Jobs act, Gutgeld, consigliere economico di Renzi: “Non è esclusa la fiducia”

Su questa riforma il premier e il governo tutto, “si giocano la faccia”. E la visita di Matteo Renzi di ieri alla City di Londra, ne è l’ennesima dimostrazione. Solo portando a casa la riforma del lavoro rompendo con i sindacati (come Tony Blair) e con “gufi”, “professoroni”, “professionisti della tartina” e “conservatori”, l’ex sindaco di Firenze potrà tornare a rialzare la testa in Europa. E già ieri con quel “non siamo scolaretti” rivolto ad Angela Merkel, abbiamo avuto un primo assaggio. Intanto il dibattito (o meglio la disputa) sul jobs act va avanti. Mercoledì prossimo dovrebbe arrivare in Senato ed è lì (come dimostra la riforma costituzionale) che si gioca la partita vera per il premier perché, si sa, a Palazzo Madama i numeri sono risicati. E se venissero a mancare voti dalla minoranza dem, potrebbero essere guai grossi per Renzi.

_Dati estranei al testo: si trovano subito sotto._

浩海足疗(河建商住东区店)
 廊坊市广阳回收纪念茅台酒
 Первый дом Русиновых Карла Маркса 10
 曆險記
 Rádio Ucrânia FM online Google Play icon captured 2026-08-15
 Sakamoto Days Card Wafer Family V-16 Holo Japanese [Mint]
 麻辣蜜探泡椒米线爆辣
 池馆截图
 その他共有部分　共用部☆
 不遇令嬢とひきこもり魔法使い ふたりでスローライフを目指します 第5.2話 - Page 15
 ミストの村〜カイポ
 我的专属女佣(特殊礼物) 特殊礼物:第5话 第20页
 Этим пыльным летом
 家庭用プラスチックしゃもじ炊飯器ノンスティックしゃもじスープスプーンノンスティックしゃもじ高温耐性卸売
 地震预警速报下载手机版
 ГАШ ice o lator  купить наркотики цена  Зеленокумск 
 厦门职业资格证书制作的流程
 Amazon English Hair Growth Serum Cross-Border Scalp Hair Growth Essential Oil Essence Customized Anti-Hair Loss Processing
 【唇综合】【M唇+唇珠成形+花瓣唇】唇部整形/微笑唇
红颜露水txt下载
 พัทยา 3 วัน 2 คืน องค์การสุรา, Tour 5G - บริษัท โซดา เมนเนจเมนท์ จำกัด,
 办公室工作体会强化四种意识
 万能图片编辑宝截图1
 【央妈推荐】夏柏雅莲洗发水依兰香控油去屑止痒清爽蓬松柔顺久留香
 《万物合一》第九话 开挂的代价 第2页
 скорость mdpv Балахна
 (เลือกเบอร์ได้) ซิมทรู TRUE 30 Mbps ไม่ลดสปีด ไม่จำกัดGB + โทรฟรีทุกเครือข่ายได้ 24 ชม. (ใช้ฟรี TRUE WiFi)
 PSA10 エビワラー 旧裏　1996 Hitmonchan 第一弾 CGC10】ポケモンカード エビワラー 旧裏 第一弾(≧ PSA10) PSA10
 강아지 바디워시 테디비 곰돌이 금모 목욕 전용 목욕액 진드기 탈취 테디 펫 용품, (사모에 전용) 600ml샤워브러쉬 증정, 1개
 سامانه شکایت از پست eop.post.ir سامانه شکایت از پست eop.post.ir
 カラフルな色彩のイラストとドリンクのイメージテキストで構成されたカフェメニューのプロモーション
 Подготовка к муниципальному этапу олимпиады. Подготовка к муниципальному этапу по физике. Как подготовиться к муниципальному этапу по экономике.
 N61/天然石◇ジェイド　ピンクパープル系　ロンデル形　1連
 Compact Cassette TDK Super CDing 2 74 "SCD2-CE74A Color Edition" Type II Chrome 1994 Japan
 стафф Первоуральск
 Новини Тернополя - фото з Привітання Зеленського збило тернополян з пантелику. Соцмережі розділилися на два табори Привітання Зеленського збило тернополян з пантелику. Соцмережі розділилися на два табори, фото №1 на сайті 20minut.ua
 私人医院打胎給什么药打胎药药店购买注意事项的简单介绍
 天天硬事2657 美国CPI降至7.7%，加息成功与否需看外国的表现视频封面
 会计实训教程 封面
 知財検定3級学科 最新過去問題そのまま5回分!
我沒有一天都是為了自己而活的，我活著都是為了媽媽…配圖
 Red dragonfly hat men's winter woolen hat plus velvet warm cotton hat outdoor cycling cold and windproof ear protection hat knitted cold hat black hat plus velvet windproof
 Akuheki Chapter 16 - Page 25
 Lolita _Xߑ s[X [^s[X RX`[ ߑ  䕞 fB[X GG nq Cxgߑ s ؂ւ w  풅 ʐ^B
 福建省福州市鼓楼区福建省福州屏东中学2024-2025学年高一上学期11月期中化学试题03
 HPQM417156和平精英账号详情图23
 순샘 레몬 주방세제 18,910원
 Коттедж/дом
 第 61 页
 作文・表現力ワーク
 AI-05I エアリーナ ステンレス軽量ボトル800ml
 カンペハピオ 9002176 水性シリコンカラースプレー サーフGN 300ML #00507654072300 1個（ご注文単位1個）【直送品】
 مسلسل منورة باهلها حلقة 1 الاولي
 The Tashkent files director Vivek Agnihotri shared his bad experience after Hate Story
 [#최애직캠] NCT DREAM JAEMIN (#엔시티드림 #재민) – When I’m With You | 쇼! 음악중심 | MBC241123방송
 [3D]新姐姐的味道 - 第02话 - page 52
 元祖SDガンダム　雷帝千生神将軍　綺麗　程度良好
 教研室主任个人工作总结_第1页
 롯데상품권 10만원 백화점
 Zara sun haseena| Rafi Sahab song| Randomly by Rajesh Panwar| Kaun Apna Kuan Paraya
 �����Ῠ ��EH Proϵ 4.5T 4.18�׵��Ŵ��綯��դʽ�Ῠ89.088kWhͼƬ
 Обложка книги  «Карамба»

yoram gutgeld deputato partito democratico

I consiglieri economici. Dopo il duro scontro di lunedì scorso, Renzi e i suoi consiglieri economici hanno messo su le barricate: nessuna modifica, si va avanti. A costo di “mettere la fiducia”. Proprio questa mossa è molto criticata sia dai sindacati (pronti a scioperare) che dalla minoranza democratica. “La fiducia sulla riforma è nel novero delle possibilità, non è esclusa”, dice Yoram Gutgeld, uno dei fedelissimi renziani dopo una riunione a Palazzo Chigi. Ma la minoranza risponde in un attimo: “Mettere la fiducia sul Jobs act sarebbe la soluzione peggiore sotto ogni punto di vista” minacciano Federico Fornaro, Maria Grazia Gatti e Cecilia Guerra. Scissione, sfiducia o fedeli alla ditta? Si vedrà. Intanto a Firenze, al festival delle Generazioni, l’altro consigliere economico di Renzi, Filippo Tadddei (un tempo civatiano), cerca di placare gli animi: “La legge delega è molto chiara: si riferisce ai nuovi assunti” e sull’articolo 18 prevede un aggiornamento ma non di cancellarlo “perchè coinvolge molte cose che vengono mantenute”.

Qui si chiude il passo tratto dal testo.